Old-fashioned confession might have served DUP better than this RHI runaround…

An Evening with the Borgias was how one Facebook friend put it. Well, perhaps not quite that bad but since DUP on DUP action is such an uncommon sight on NI television, last night’s Nolan Special was revealing in parts.

One of the things it revealed is that former Minster Bell has been Stephen Nolan’s ‘Deep Throat’ for some of this story. Most of his revelations centre around his own brief tenure in the department at the core of the RHI affair, once the problem had been crystallised.

As such it’s more about who left the Titanic and in what order than why DETI hit a fiscal iceberg.

Bell’s tenure began when a joint review of the performance of the RHI scheme should have already taken place under Bell’s predecessor at Enterprise Trade and Industry, Arlene Foster.

Indeed it should have been part of Foster’s new department (Finance and Personnel) procedures for further approval of RHI.

The wobble appears to have come in June 2015 when Bell was told directly that scheme was not only flawed but growing rapidly and getting out of control, since it was already committed to paying out more money to claimants than it was costing them to feed their new biomass boilers.

As highlighted by the Comptrollers and Auditor General’s report in July this year, the policy design itself was faulty from the start:

 

The problem seems to spring from the Department’s own business case laid out and finalised in June 2012 when the tariff was set without the safety nets. So why did Ms Foster’s department not see the problem sooner?

Well, right up until last year, there was a larger underspend on the project: £3.5 million out of £4 million set aside in 2012-13; £5.35 million out of £7 million in 2013-14; and then it narrows right down to £4.08 million out of £12 million in 2014-15.

You can see why the panic bells must have been pretty loud as Minister Bell takes office since the take up of the scheme is now beginning to speed up exponentially. Most of the argument in the programme appears to be about how and when to fix the problem.

On the 8th of September last year, Bell announced an amended scheme to be brought in on 18th November. It was in this period that the scheme sharply spiked.

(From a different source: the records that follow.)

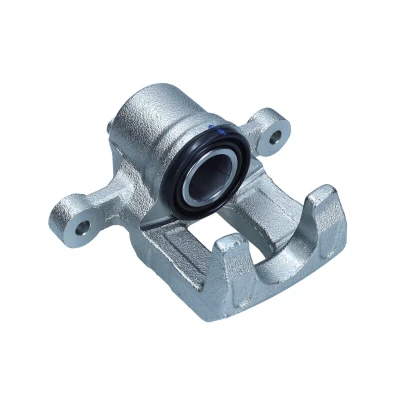 Abbildung von MAXGEAR 82 1604 Bremssattel Hinterachse rechts, hinter der Achse Gusseisen HYUNDAI: Tucson, KIA: Sportage IV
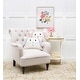 preview thumbnail 6 of 6, 13" x 18" Boy Easter Bunny w/ Flap Ears Decorative Accent Throw Pillow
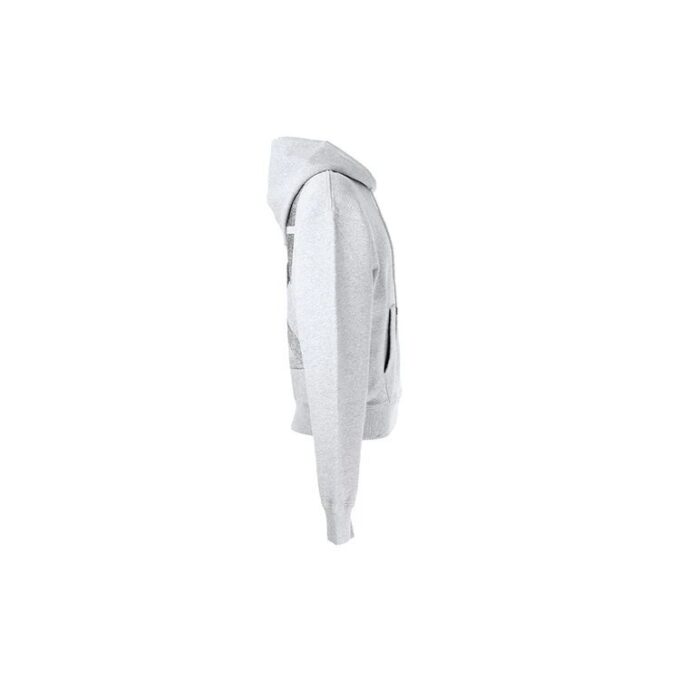 Off-White Herre FW21 Pullover med pilmønster Grå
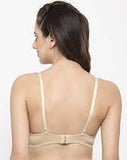 STRAPLESS NON WIRED BALCONY BRA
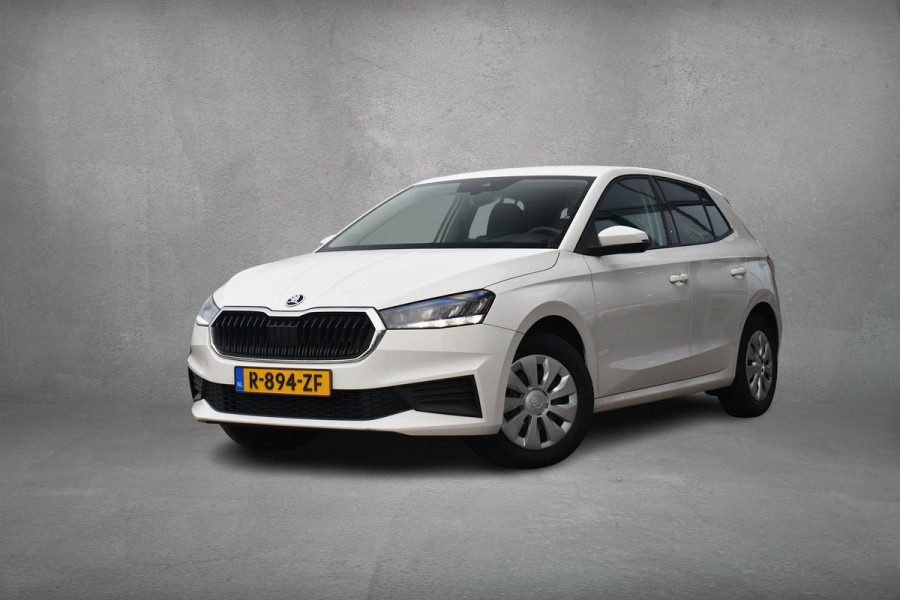 Škoda Fabia 1.0 TSI Ambition | Apple CarPlay | LED | Cruise | Airco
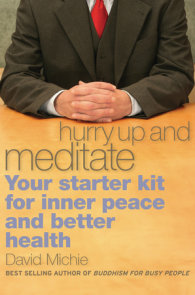 Hurry Up and Meditate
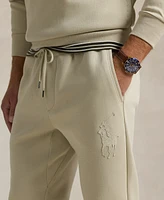 Polo Ralph Lauren Men's Double-Knit Track Pants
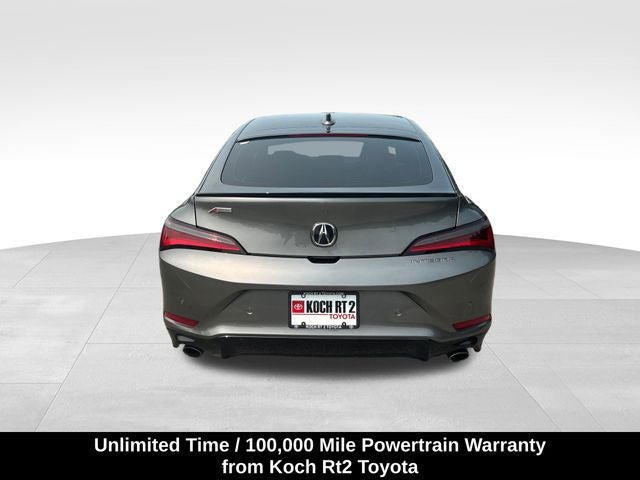 2023 Acura Integra A-Spec Tech Package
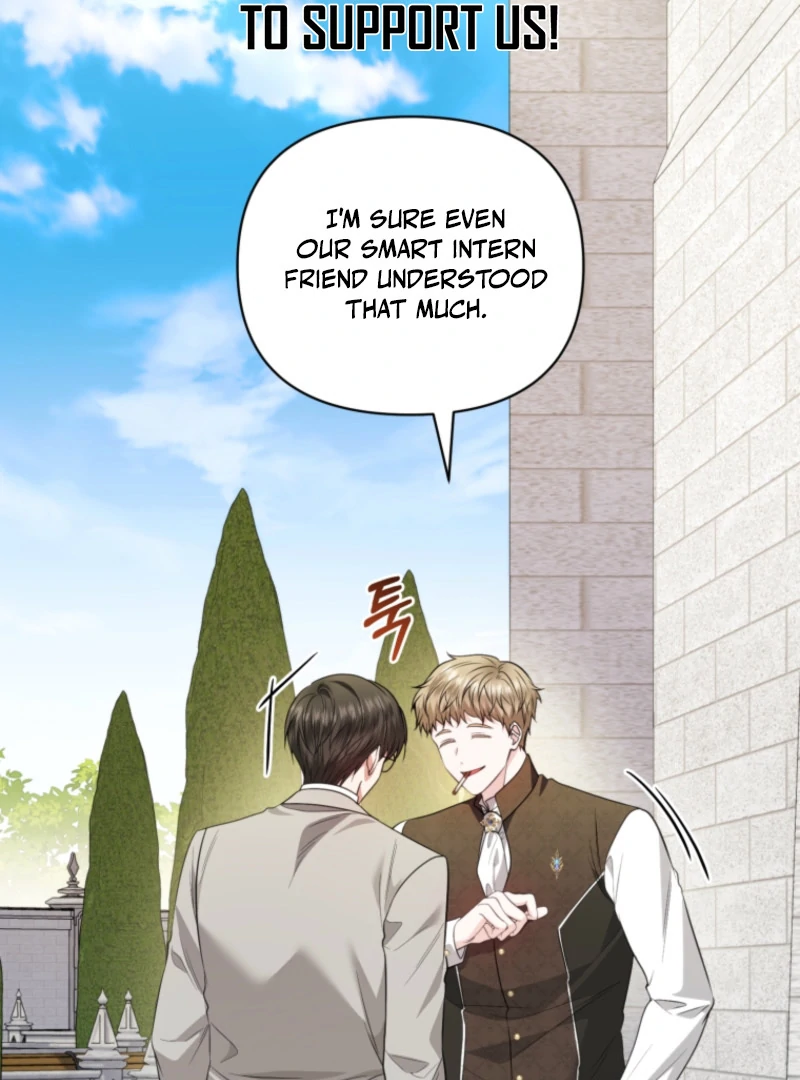 The Low-Ranking Civil Servant Wants to Achieve Success Chapter 52 - page 2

The Comptroller and Auditor General explains:

…almost as many applications being received in those seven weeks as had been made in the previous 34 months since the scheme began. The expected cost of the applications made during this seven week period will be around £24 million annually for each of the next twenty years. 

Now that’s under Bell’s tenure.  It’s not clear to me whether announcing the amendment so far in advance to the changes was a strict necessity or just a precautionary measure. Either way, there’s very little doubt about the consequences.

It may be that he’s feeling guilty that it happened on his watch. But he might have saved himself the trouble, since there’s plenty of blame to go round. Despite protests from the First Minister this leaky NI policy boat left port with bow doors wide open under Arlene’s watch.

A good bout of old-fashioned Catholic confession might have served the DUP better than this runaround. Instead, Arlene finds herself intemperately repeating the fact that no one told her until it was too late. [Is that part of her day job? – Ed]

And she did herself no favours in accusing the relatively mild-mannered former social worker of trying to physically intimidate her. Nor did her party in obfuscating the nature and content of the whistleblower material mentioned in the NAO report.

The substantive whistleblower material was contained in an anonymous email received by OFMdFM in January this year. That material is the subject of a review jointly commissioned by OFGEN and the new Department of the Economy.

Meanwhile, RHI continues to be available in all parts of Britain.